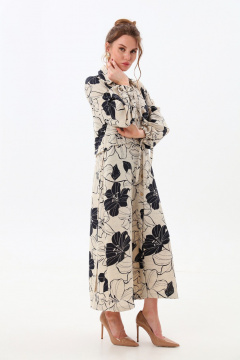 Платье, пояс NikVa 944-5 сине-песочные лилии - фото 5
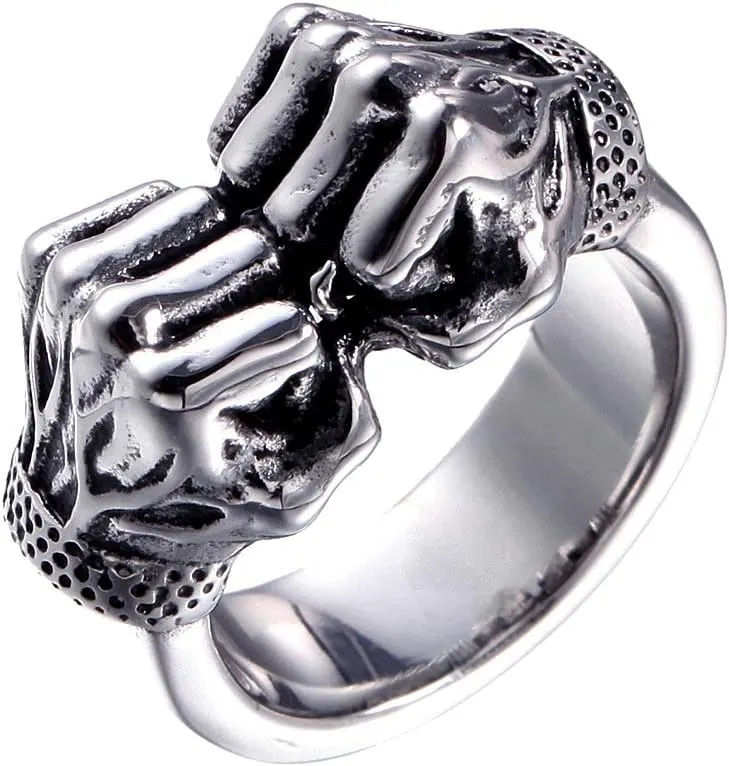 PAURO Men's Stainless Steel Vintage Fist Boxing Power Punk Finger Ring Personality Gothic Band Silver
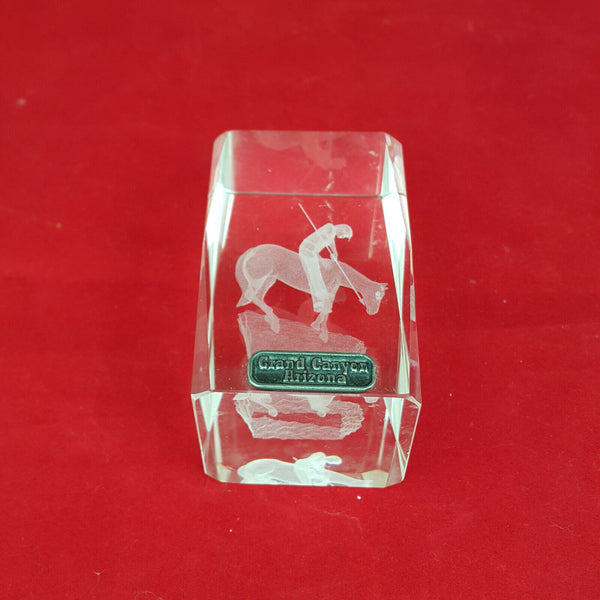 3 D Laser Crystal Glass Paperweight Cube - Man with Arrow on a Horse - OA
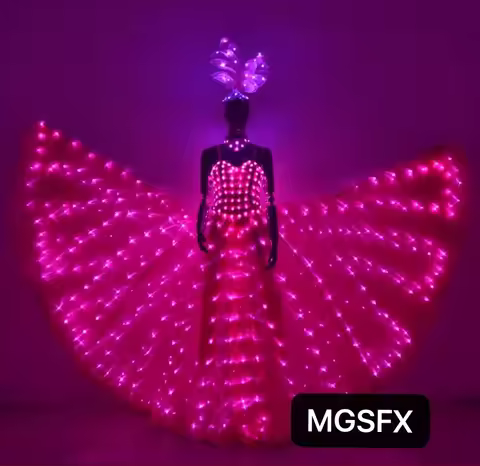 Butterfly LED Wings Luminous Belly Dance Wing Color Change Wings For Dancer Wedding Party Costume Ad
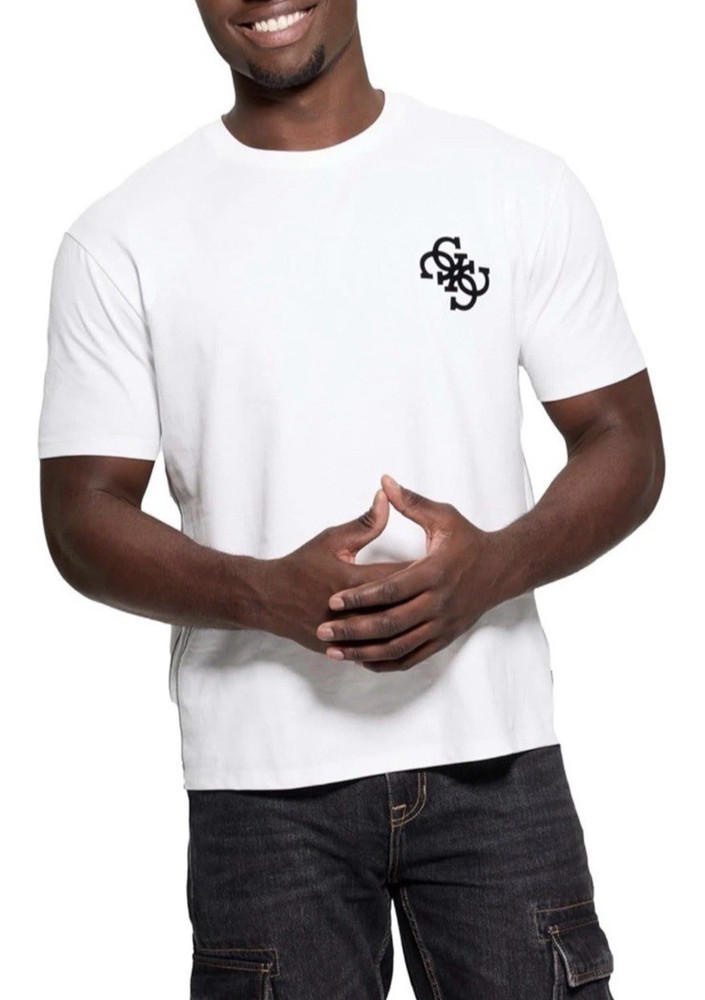 NWT Guess Men’s Eco Bandana Applique T-Shirt – Size M – Color White/Black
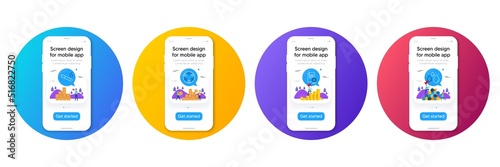Minimal set of Inclusion, Smoking and Certificate line icons. Phone, cellphone ui interface mockup. Water drop icons. For web development. Equity justice, Cigarette, Diploma. Aqua. Vector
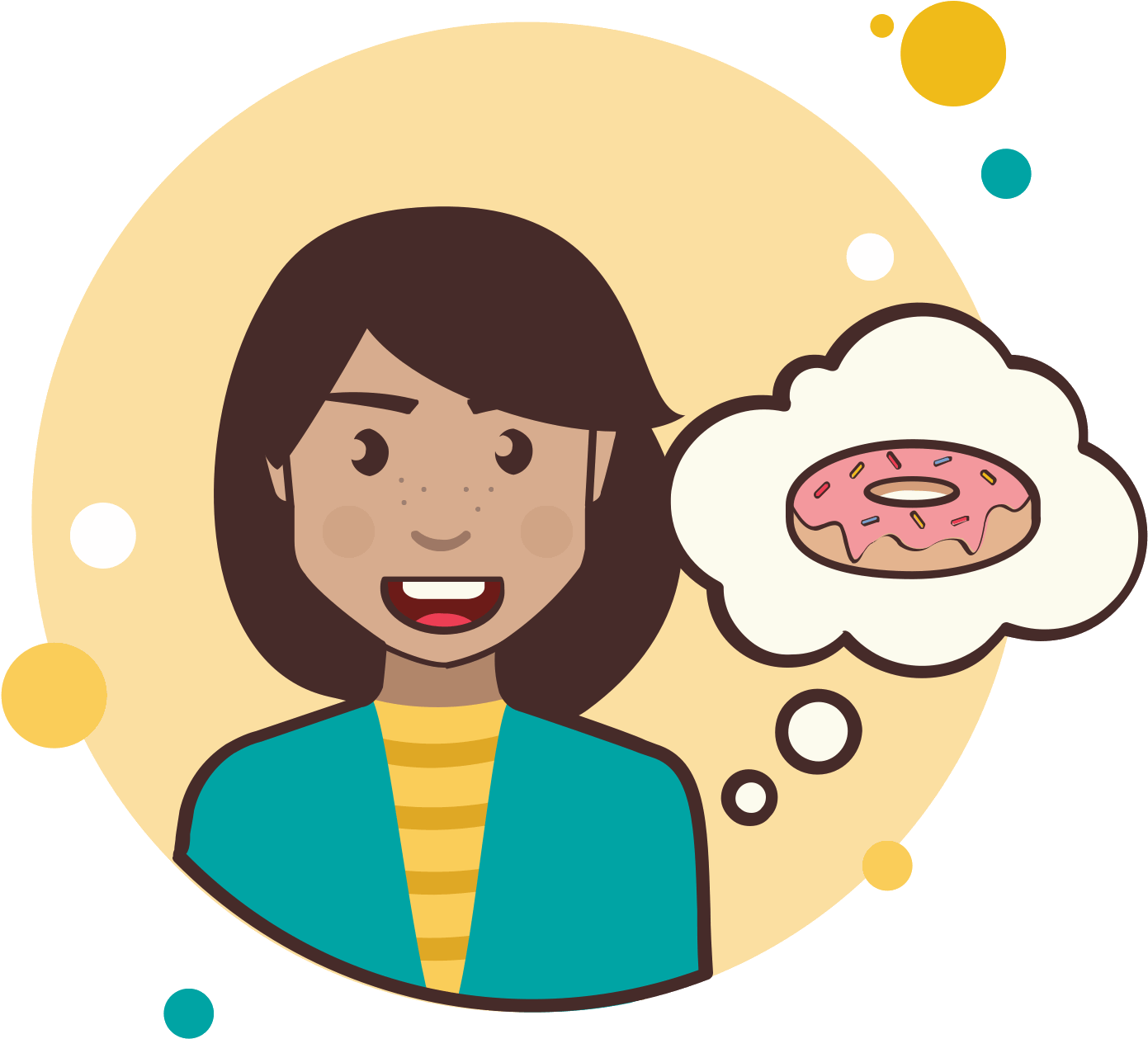 Girl With Donut Icon (1600x1600), Png Download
::::
-- Task objective --
Repeat the lines above, starting at the first and stopping after the line that holds "NWT Guess Men’s", with the pictures left out.

-- Solution to this exercise --
 Платье, пояс NikVa 944-5 сине-песочные лилии - фото 5
 PAURO Men's Stainless Steel Vintage Fist Boxing Power Punk Finger Ring Personality Gothic Band Silver
 3 D Laser Crystal Glass Paperweight Cube - Man with Arrow on a Horse - OA
 Butterfly LED Wings Luminous Belly Dance Wing Color Change Wings For Dancer Wedding Party Costume Ad
 NWT Guess Men’s Eco Bandana Applique T-Shirt – Size M – Color White/Black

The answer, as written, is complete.